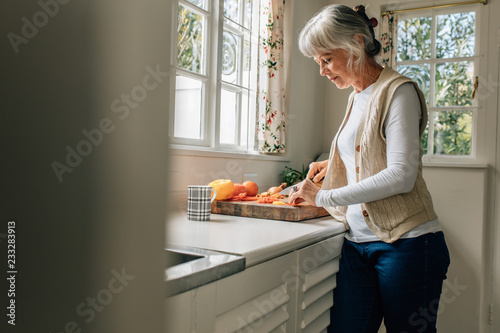 Senior woman working in kitchen at home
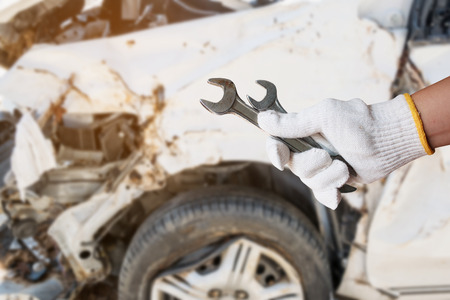 mechanic hand hold wrench with car crash accident damage background, auto body repair conceptの写真素材
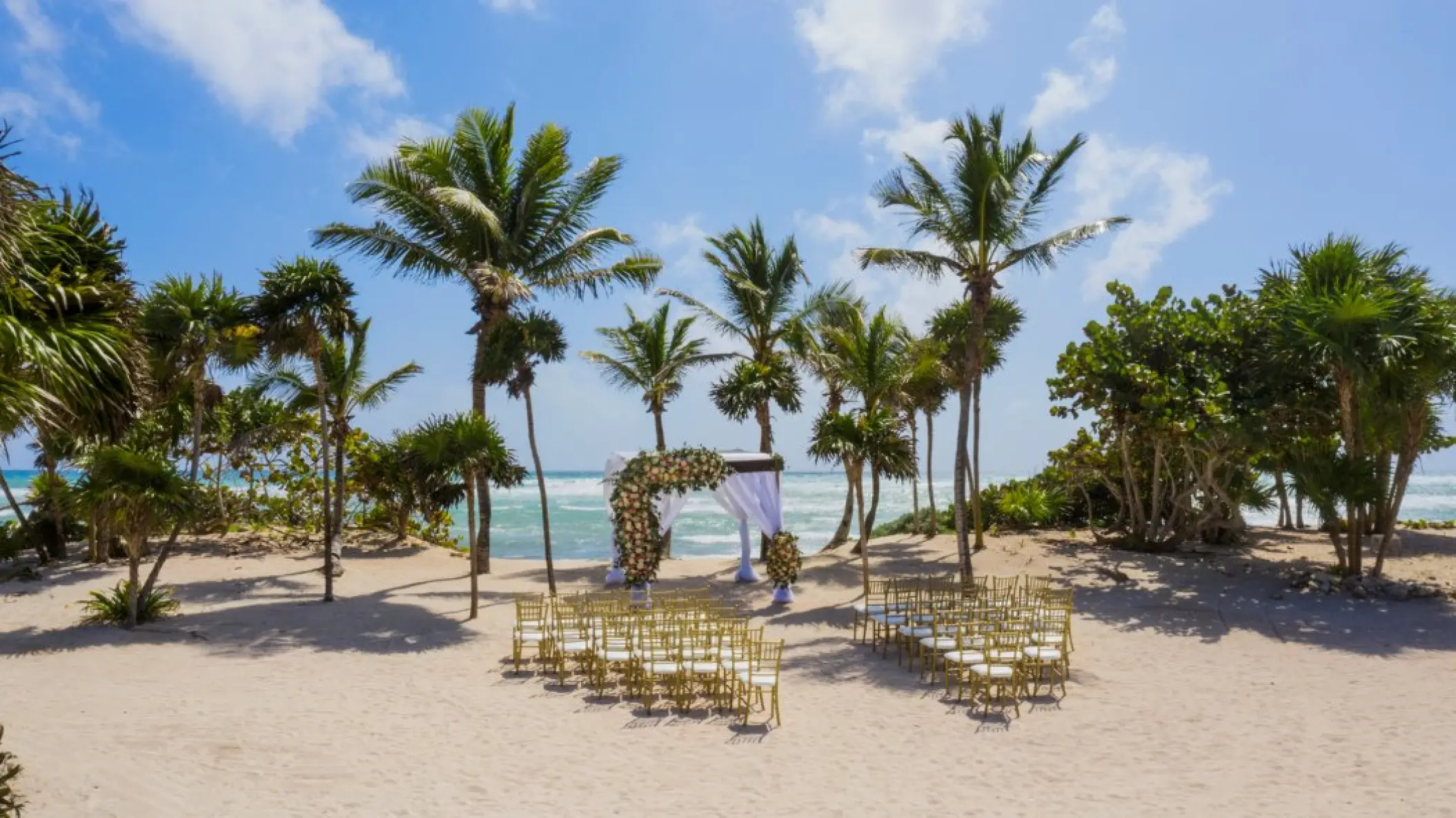Beachfront wedding ceremony with a floral huppa at Bahia Principe Luxury Sian Ka’an, Tulum
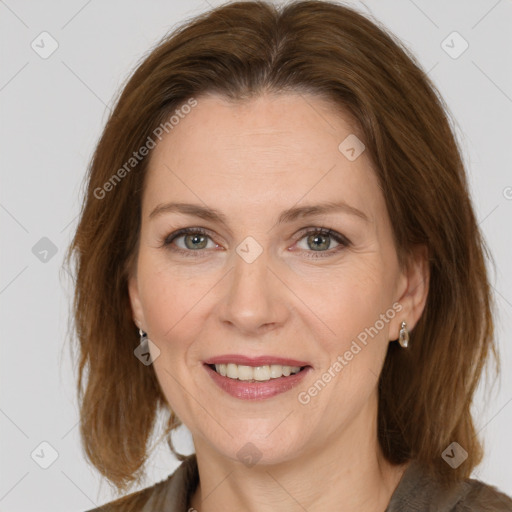 Joyful white adult female with medium  brown hair and grey eyes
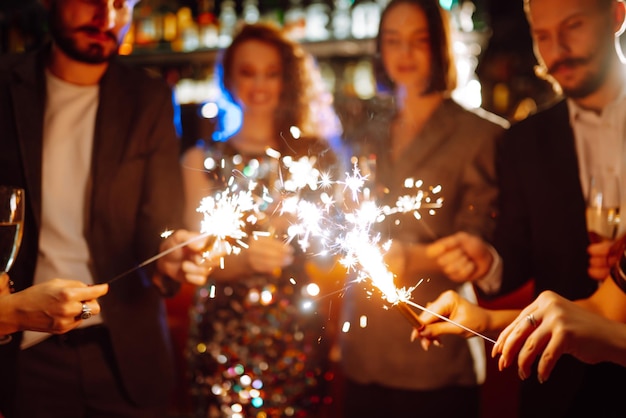 Bengalas brillantes en las manos Jugar fuegos artificiales para celebrar las vacaciones de invierno Año Nuevo Mágico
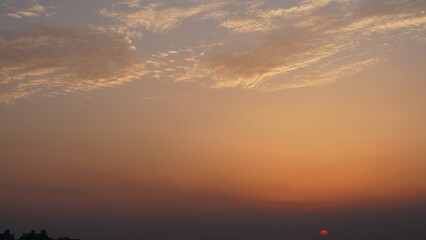 Wall Mural - the beautiful sunset view with the buildings' silhouette and orange color sky as background in the c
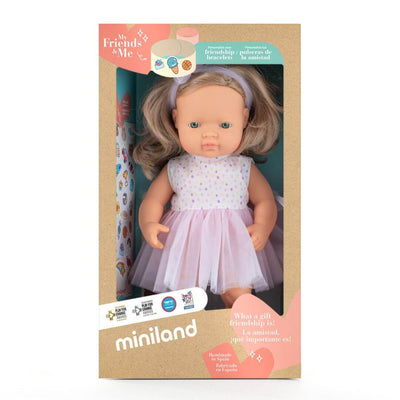 Miniland Realistic Montessori Doll with blonde hair and blue eyes, wearing a lavender polka dot top and pale pink tulle skirt with a matching headband, standing up in the box she is packaged in.
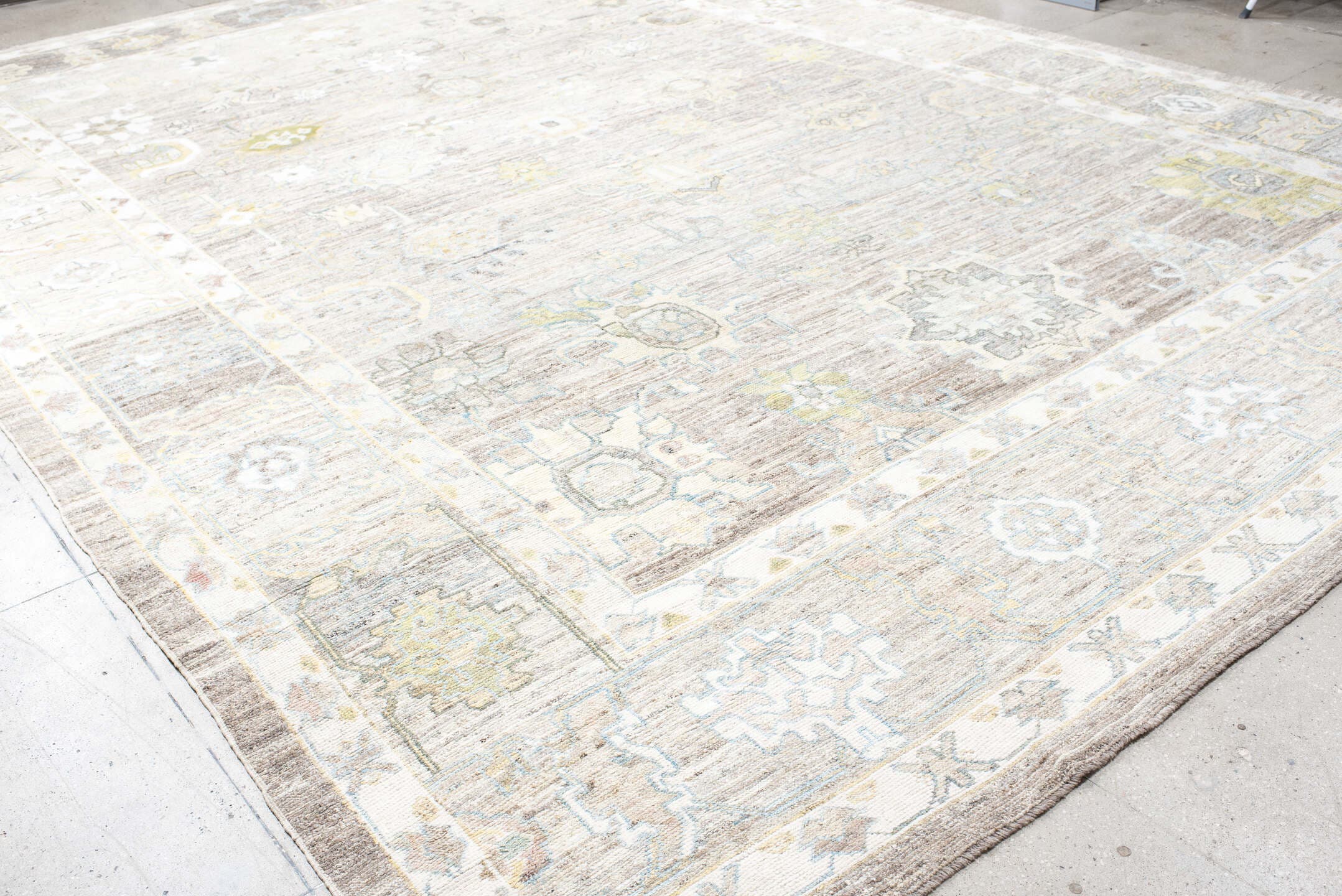 13' x 19' one-of-a-kind handmade vintage Oushak oversize rug. Color palette: taupe, ivory, light_blue, sage, gold, gray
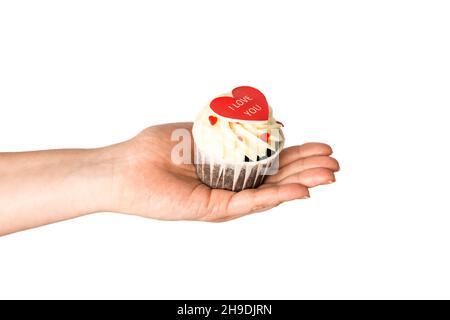 Shaped Heart Cake in the hand with the inscription I Love You on white isolated background. Cupcake in the shape of heart close-up Stock Photo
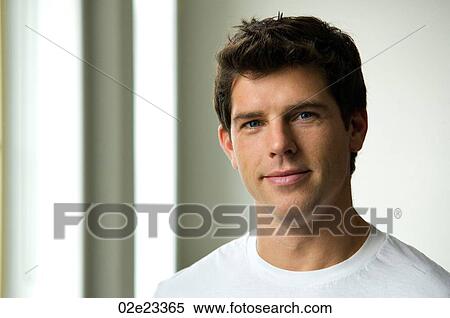 Stock Photography - Mid 20's Caucasian man in white t-shirt.. Fotosearch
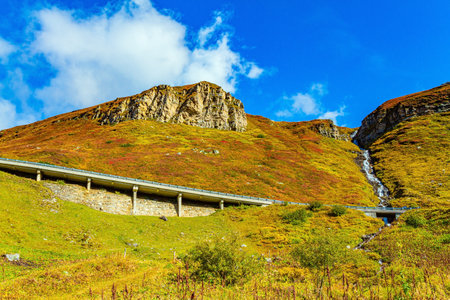 The famous mountain road Grossglognerstrasse. The picturesque serpentine of a beautiful asphalt highway winds along the steep mountain slopes. Sunny day in October.の写真素材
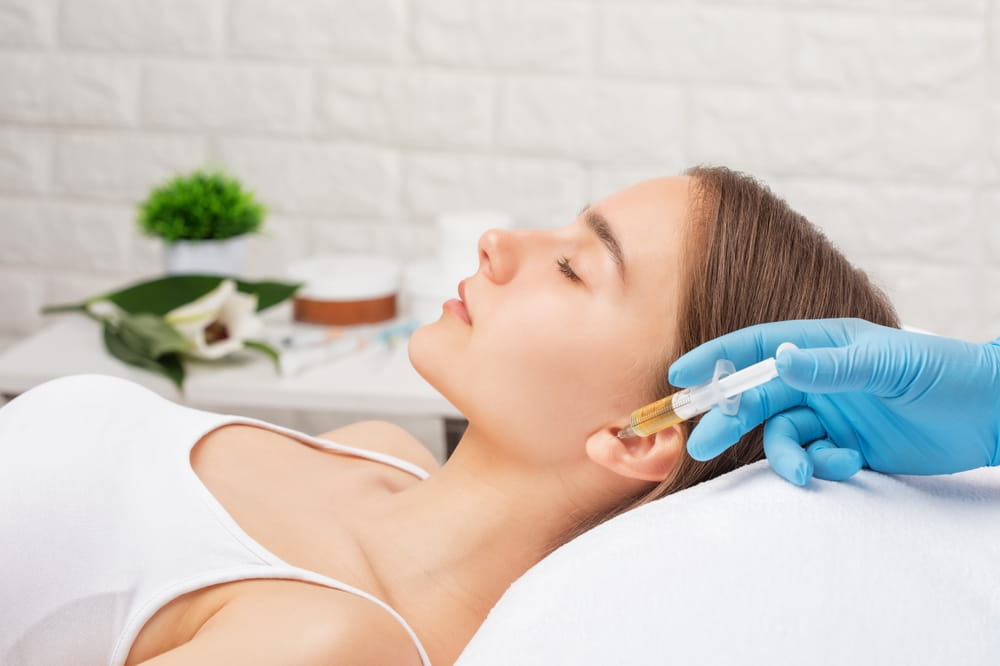 Cosmetologist does prp therapy on the face of a beautiful woman in a beauty salon. Cosmetology concept.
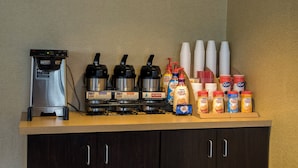 Una estación de café con varias máquinas de café, vasos desechables y dispensadores de crema para café.
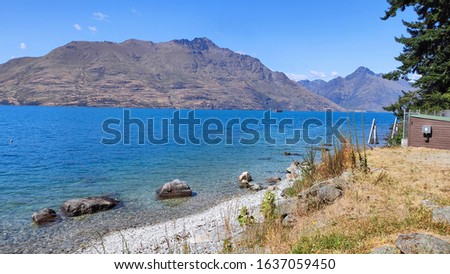 Beautiful Queenstown Hill walking track Sunshine Bay track hiking on sunny summer day to submit gorgeous blue turquoise Wakatipu lake Remarkable mountain range in Queenstown South Island New Zealand 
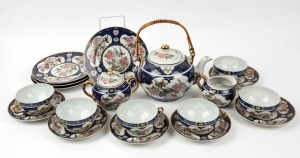 A vintage Japanese tea set, eggshell porcelain with geisha girl lithophane bases comprising, a teapot, milk jug and sugar bowl plus six cups and saucers and four side plates, 20th century, (19 items)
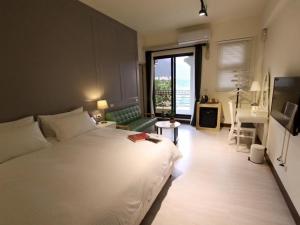 Postel nebo postele na pokoji v ubytování Yuncourt B&B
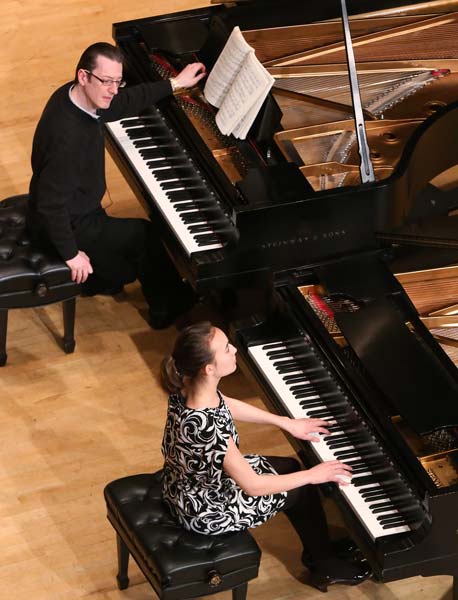 Llŷr Williams at a piano alongside his student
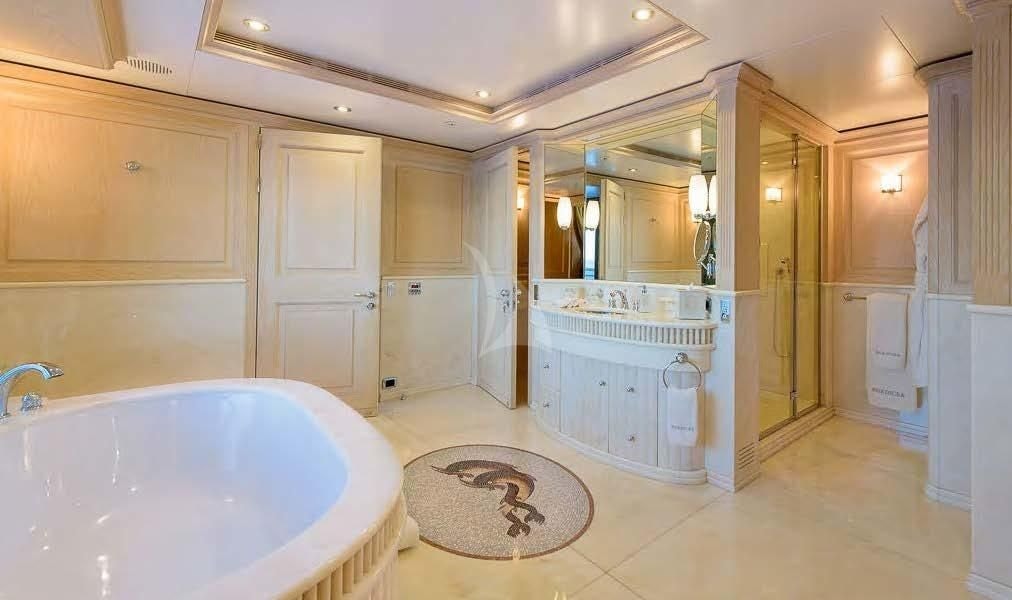 a bathroom with a tub and a sink aboard BOADICEA Yacht for Sale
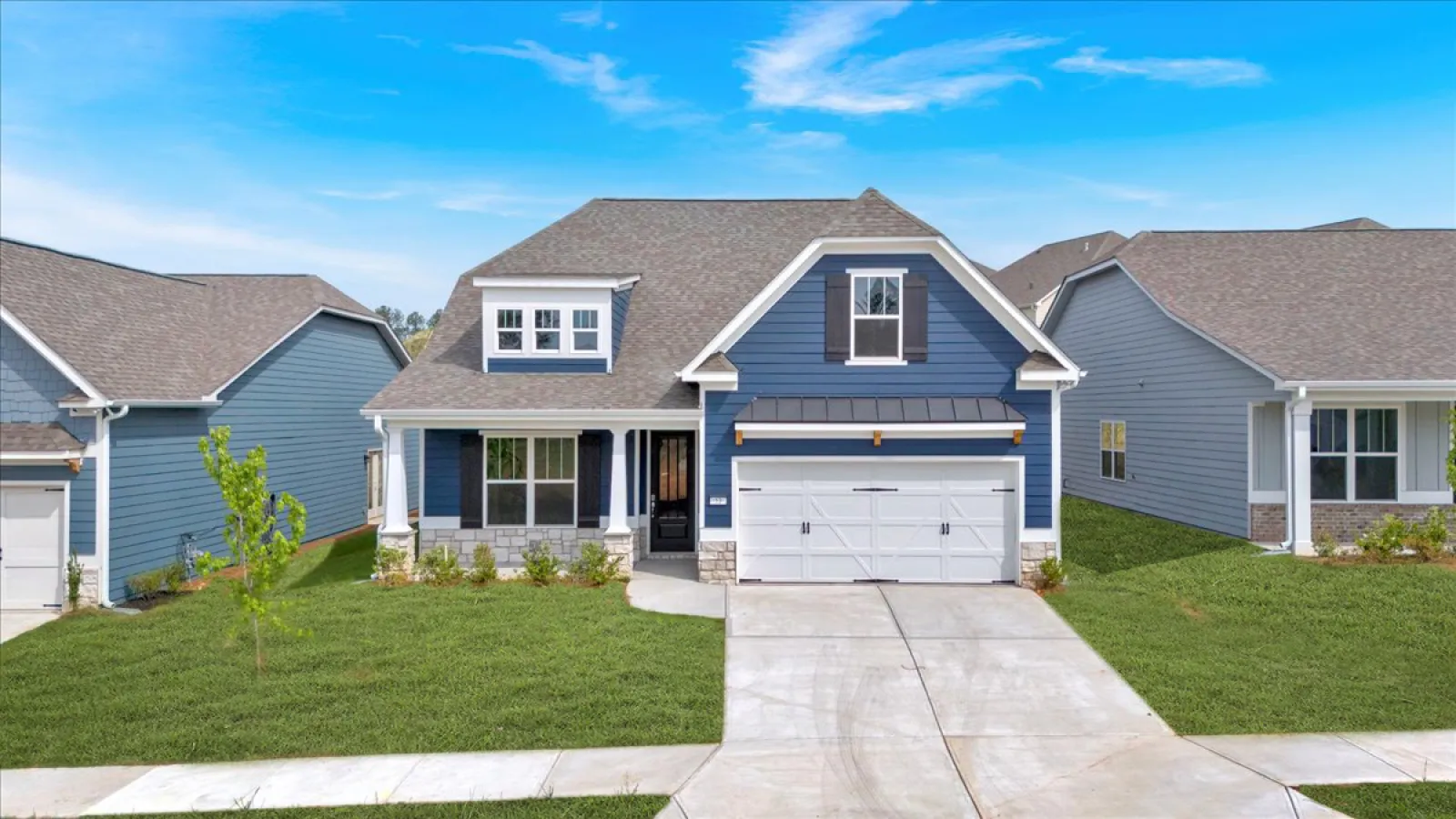 Blue two-story suburban house with white trim, attached garage, manicured lawn, and clear blue sky.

**Your instructions**
Transcribe, from the material above, the stretch starting at the line with "13' x 19' one-of-a-kind" and ending at the line with "Stock Photography - Mid", both included, exactly. Do not carry over pictures.

**Task output**
 13' x 19' one-of-a-kind handmade vintage Oushak oversize rug. Color palette: taupe, ivory, light_blue, sage, gold, gray
 Shaped Heart Cake in the hand with the inscription I Love You on white isolated background. Cupcake in the shape of heart close-up Stock Photo
 Stock Photography - Mid 20's Caucasian man in white t-shirt.. Fotosearch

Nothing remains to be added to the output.